The IDC report said the most significant driver of storage consumption over the past three years has been the emergence of public cloud-based application and infrastructure providers. Many of these cloud-based service providers (iTunes, Netflix, YouTube, Facebook) act as content depots, which are primarily in the business of gathering, organizing and providing access to large quantities of digital content.
Meanwhile, other cloud-based service providers have emerged with a focus on delivering IT infrastructure and applications in an "as a service" model (Salesforce.com, WebEx Connect, Amazon Web Services). Over the past several years, these companies have undertaken massive storage buildouts as they have expanded their service offerings, entered new markets, and extended their geographic reach.
"Despite current economic uncertainties, IDC expects cloud service providers - both public and private - to be among the most expansive spenders on IT products and services as they continue to build out their facilities worldwide and expand their service options," said Richard Villars, vice president of storage systems and executive strategies at IDC.
In parallel to the expansion of the public cloud, many organizations have started to deploy their own private clouds for application, compute, and content (archival) storage. Some of these private cloud deployments (government and research sites) are comparable in scope and complexity to public cloud environments, while others are more limited in scope.
Public cloud service providers as well as major adopters of private cloud environments have five information requirements that are driving their current storage demands, including enabling more efficient delivery of information/applications to Internet-based customers, reducing upfront infrastructure investment levels, minimizing internal IT infrastructure investment associated with unpredictable workloads lowering and/or distributing the ongoing costs associated with long-term archiving of information and enabling near-continuous, real-time analysis of large volumes and wide varieties of big data.

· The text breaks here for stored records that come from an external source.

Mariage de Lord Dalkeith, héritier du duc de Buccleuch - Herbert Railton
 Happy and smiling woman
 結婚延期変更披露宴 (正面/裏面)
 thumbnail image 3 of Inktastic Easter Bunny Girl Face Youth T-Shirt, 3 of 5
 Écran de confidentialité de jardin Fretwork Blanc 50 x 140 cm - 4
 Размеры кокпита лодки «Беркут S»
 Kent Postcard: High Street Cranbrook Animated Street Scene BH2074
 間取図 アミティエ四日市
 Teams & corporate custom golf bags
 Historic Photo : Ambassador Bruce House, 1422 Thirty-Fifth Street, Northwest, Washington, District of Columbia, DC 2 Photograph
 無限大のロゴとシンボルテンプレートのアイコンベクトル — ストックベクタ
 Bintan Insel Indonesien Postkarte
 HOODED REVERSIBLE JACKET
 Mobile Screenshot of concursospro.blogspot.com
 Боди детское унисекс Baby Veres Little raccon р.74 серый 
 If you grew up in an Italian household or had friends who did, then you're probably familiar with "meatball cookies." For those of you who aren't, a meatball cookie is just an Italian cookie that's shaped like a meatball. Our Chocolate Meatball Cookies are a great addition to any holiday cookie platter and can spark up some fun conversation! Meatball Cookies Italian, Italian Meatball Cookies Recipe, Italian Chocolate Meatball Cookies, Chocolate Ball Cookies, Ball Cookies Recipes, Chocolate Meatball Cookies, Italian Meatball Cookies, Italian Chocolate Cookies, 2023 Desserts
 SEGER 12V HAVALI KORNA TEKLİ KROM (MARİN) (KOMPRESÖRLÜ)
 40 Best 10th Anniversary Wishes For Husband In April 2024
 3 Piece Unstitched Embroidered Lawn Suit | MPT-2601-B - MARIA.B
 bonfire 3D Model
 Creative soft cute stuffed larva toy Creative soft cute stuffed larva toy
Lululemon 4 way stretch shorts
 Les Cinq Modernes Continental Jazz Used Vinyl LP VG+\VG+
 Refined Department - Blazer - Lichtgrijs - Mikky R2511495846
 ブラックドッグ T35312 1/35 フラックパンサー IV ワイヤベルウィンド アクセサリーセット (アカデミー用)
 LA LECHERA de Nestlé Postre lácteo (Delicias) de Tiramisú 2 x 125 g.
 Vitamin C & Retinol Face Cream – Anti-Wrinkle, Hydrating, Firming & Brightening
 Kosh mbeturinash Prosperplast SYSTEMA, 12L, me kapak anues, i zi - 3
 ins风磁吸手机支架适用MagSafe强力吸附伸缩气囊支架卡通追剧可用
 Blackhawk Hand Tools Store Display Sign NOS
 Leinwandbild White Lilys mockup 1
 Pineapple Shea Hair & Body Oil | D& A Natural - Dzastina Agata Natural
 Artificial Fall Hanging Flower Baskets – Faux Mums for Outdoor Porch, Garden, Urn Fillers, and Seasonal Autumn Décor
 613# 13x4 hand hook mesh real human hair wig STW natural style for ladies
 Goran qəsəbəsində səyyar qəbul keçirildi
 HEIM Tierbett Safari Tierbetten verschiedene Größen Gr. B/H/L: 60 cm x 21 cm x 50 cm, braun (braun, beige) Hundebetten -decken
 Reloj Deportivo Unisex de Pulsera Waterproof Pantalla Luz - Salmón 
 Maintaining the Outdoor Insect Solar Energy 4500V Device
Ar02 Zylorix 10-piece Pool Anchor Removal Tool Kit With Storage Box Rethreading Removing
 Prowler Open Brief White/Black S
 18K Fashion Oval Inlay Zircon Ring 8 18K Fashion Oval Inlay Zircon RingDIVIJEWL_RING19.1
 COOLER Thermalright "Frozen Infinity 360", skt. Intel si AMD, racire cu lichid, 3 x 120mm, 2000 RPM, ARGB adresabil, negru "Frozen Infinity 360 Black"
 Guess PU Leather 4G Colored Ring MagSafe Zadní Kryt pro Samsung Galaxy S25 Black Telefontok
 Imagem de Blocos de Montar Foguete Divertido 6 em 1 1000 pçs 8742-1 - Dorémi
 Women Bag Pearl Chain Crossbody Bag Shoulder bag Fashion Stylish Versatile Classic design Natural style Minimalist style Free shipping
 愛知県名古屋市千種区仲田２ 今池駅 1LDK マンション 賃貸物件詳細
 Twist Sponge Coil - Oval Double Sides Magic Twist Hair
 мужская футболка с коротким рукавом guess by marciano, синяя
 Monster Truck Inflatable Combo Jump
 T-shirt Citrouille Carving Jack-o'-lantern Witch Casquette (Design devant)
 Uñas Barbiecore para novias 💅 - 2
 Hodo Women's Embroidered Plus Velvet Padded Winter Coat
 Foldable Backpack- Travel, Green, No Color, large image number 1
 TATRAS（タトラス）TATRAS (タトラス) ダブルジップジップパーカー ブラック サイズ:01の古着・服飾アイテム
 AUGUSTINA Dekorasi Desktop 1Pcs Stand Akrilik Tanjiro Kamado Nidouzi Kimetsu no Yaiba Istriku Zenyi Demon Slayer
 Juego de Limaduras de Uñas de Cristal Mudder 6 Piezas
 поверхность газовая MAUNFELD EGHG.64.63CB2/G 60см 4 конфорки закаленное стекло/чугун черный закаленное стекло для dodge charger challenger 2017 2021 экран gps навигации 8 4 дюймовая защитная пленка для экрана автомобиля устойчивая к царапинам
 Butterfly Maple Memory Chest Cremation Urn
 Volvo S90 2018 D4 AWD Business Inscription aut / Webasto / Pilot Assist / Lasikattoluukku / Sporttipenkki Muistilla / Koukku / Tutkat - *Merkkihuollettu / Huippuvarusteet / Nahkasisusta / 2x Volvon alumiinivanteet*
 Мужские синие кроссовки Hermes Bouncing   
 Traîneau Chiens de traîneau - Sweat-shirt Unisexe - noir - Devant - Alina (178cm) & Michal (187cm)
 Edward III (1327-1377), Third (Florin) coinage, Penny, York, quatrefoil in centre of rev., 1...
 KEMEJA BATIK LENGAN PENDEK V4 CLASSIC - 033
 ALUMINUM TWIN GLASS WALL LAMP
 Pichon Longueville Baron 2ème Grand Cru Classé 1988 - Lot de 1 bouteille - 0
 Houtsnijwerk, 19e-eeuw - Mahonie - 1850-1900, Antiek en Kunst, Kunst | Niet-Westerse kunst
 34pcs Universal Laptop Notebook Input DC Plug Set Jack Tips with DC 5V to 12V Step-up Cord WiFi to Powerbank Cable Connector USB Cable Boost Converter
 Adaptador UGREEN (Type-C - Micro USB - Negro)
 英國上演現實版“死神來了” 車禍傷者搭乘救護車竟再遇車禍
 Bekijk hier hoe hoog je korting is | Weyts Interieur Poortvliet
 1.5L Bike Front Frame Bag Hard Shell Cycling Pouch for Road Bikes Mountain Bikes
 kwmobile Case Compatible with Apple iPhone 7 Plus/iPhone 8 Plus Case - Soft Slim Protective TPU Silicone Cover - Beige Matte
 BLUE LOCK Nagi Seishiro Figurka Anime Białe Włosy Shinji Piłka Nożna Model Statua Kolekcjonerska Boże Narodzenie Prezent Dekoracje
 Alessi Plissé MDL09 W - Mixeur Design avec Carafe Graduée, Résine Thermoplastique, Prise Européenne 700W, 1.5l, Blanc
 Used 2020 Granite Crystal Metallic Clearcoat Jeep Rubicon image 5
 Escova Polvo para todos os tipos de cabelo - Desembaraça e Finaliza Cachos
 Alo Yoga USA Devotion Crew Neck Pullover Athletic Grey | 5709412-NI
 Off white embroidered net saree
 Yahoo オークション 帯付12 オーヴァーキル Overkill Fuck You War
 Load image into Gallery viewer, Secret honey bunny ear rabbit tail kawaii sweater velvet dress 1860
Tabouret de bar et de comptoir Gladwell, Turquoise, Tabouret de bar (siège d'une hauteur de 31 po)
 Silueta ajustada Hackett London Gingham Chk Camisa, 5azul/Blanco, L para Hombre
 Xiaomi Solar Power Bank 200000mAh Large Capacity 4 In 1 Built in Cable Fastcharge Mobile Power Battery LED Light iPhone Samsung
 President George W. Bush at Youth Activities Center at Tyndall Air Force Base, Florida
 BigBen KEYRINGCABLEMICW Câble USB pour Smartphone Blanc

"The challenge facing the storage industry will be to balance public cloud service providers' demand for low-cost hardware while boosting demand for advanced software solutions in areas such as object-based storage, automated data tiering, Big Data processing, and advanced archiving services," Villars said. "Big Data developments will be perhaps the most critical new marketplace for storage solutions providers in the coming decade. Providing a strong portfolio of complete Big Data solutions - hardware, software, and implementation services - will be a high priority to succeed. Similarly, a strong portfolio of active archival storage solutions will be a critical differentiator for private content/archive cloud deployments."